Life expectancy and good health stopped improving for the average population in 2012 and has worsened for those living in the most disadvantaged areas.
“We have a population now that is particularly unhealthy which is putting put further strain on the NHS and costing more money,” said Professor McCartney. “The worry at the moment is that if nothing changes, the figures will go up.”
He pointed out that the new Labour Government appeared to be suggesting that the forthcoming autumn Budget was likely to continue public spending constraints because of its self-imposed fiscal rules.
“That policy direction of austerity doesn’t seem likely to change any time soon and yet the risk is that it will continue to cause population health trends that are exceptionally worrying and unprecedented,” said Professor McCartney.
Poverty Alliance chief executive Peter Kelly cited research which found a “massive” 24-year gap in healthy life expectancy between Scotland’s poorest and wealthiest areas.
“There is a clear link between ill health and the injustice of poverty in our wealthy country,” he said. “Not having enough money to heat our homes and buy healthy food can lead to stress, ill health and lives cut short but it doesn’t have to be like this.
“Our governments can work to build a wellbeing economy with living wages, living hours and living pensions. They can reinforce our social security system so that it’s strong enough to give people the freedom they need to build a life beyond poverty.

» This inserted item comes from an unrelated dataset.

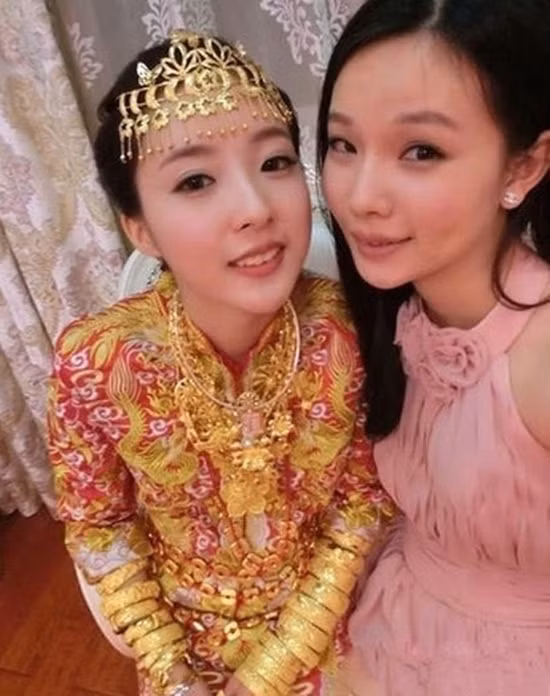 Đeo một số lượng lớn vàng trên người nhưng cô dâu vẫn tỏ ra thoải mái, thích thú chụp ảnh tự sướng cùng bạn bè.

And they can strengthen the vital public services, including health and social care, that are a foundation for good health and decent life.
“Those are the kinds of actions that politicians at all levels should be urgently undertaking.”
John Dickie, of Scotland’s Child Poverty Action Group, said there was no question that poverty was a key driver of poor health with policies like the two-child limit in UK benefits increasing poverty and undermining children’s health and wellbeing, resulting in long-term costs for the economy.
“An estimated £3.5 billion additional healthcare spending can be attributed to child poverty across the UK,” he said.
“Any plan to improve the nation’s health needs to include concrete actions to boost incomes through both social security and employment.”
Dickie welcomed the fact that the new UK Government had committed to a child poverty strategy but added that for it to be credible, it needed to restore the value of social security for families – starting with scrapping the two-child limit and increasing child benefit.
“It’s scandalous that in a country as rich as ours, poverty increasingly undermines the nation’s health, damaging not just those in poverty but creating huge costs for all of us,” he said.
A spokesperson for the UK Department of Health and Social Care said: “This Government will shift the focus of the NHS from just treating sickness to preventing it in the first place.”